In a previous communication, we have demonstrated the fluoride-induced lactonization scheme to coumarin and its application to fluoride-sensing. Herein, we present in detail the development of this methodology and further extensions. Our strategy is based on the specific affinity of fluoride ion to silicon, and hence highly selective for fluoride ion.7



We have previously developed a fluoride-sensing system in which the fluoride triggered Si-O bond cleavage resulted in the formation of highly fluorescent coumarin derivatives (Scheme 1).8

Coumarin and its derivatives constitute an important class of organic laser dyes due to their large absorption cross-section and high radiative quantum yields.9 Another important feature of coumarin is the tunability of its photophysical properties over a wide wavelength range through substituent effects. The absorption spectra of the 7-amino substituted indicator 2 (abs. max. 386 nm) and its cyclized product 2a (abs. max. 417 nm) were, indeed, red shifted significantly compared to those of the unsubstituted analogues 1 (abs. max. 322 nm) and 1a (abs. max. 334 nm). The originally non-fluorescent compounds 1 and 2 displayed strong fluorescence upon cyclization to coumarin derivatives 1a (emission max. 415 nm; Φ = 12%) and 2a (emission max. 450 nm; Φ = 81%), respectively (Table 1).
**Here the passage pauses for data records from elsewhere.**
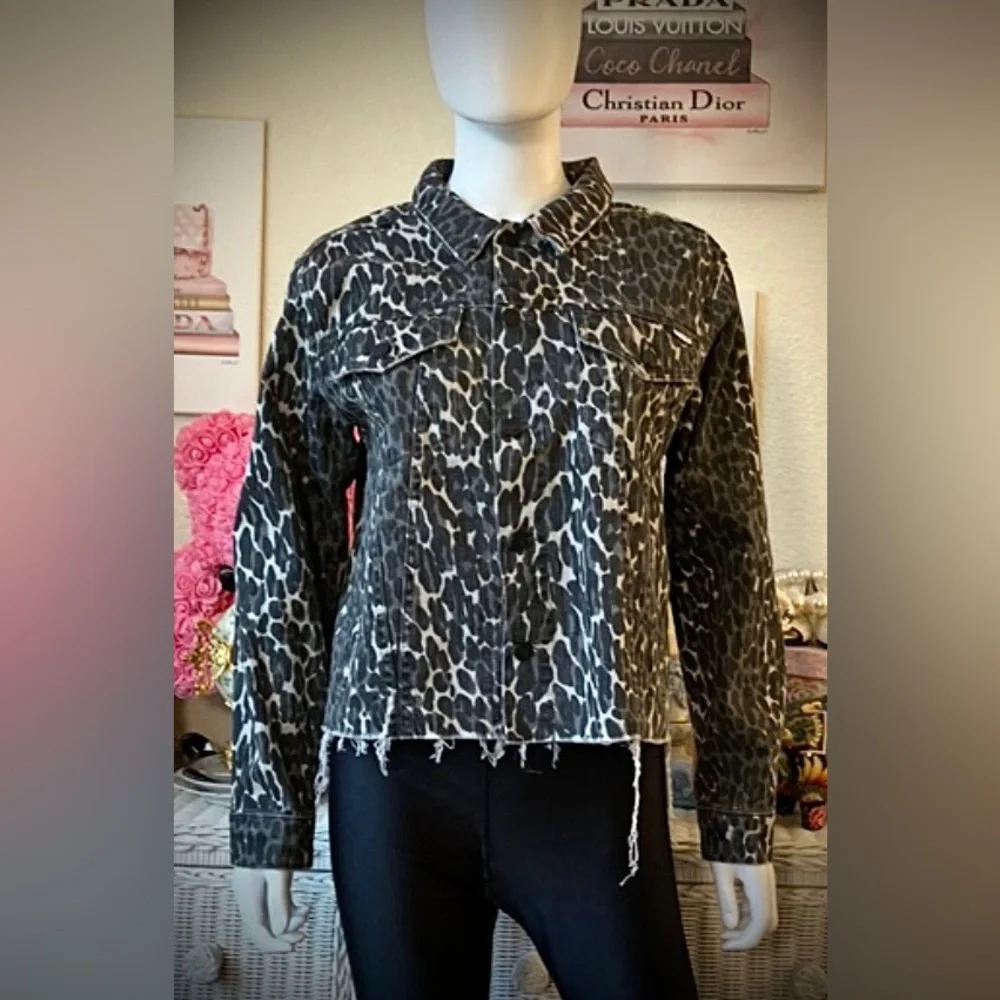MOTHER Leopard Print Jean Jacket - Picture 2 of 13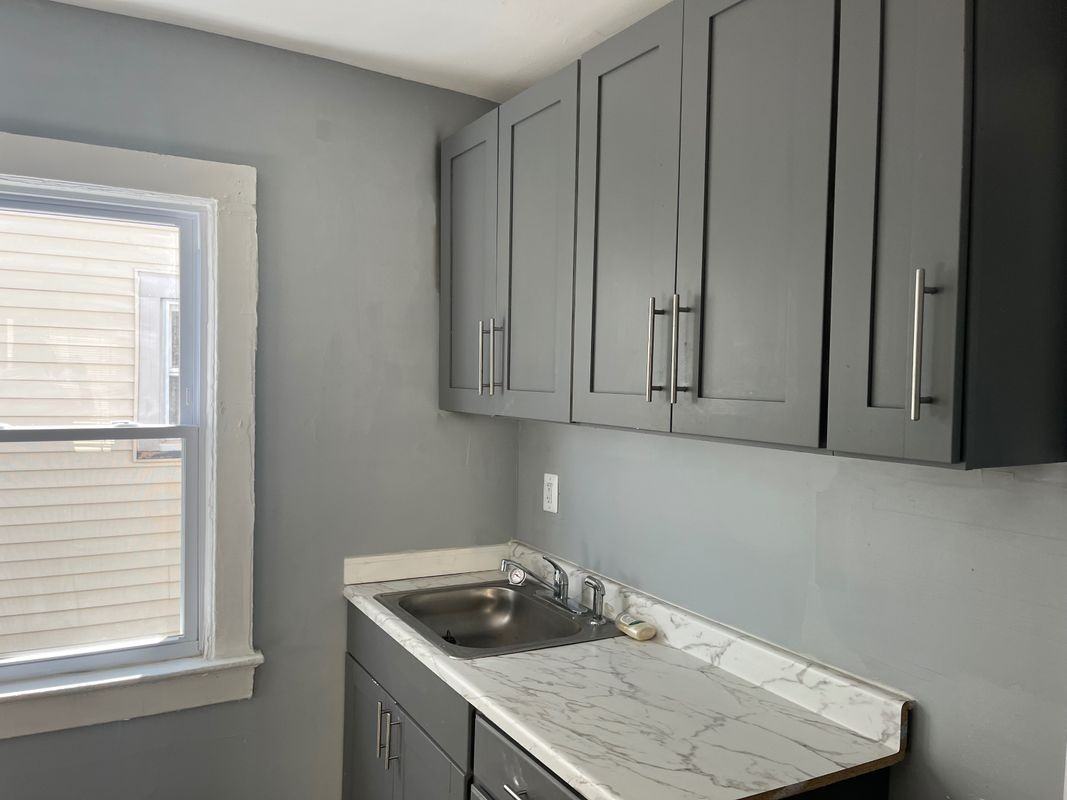 19 Cottage Pl ##2 - Photo 3 of 12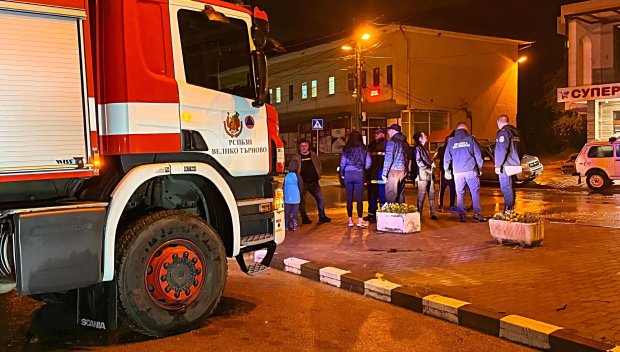 Двама души са пострадали при пожар в апартамент в Дебелец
Scheme 1.Fluoride-induced cyclization of the indicators (1 and 2) led to the fluorescent coumarin derivatives (1a and 2a).

Table 1.[a]Given in nanometers. [b]Determined with quinine sulfate as a standard. [c]Per monomer unit. [d]Determined with 2-aminopyridine as a standard.

Synthesis of the indicators involves a two-step sequence, namely, silylation of the corresponding 2-hydroxy benzaldehyde, followed by a condensation reaction under the titanium-mediated Knoevenagel conditions (Scheme 2).8,10 To avoid a possible trans-cis isomerization of the double bond, we used diethyl malonate to introduce the compounds with the symmetrically substituted double bond, 1 and 2. This strategy allowed us to keep the ester group close to the reactive phenoxide, which is a key requisite for lactonization to occur before it is converted into a phenol.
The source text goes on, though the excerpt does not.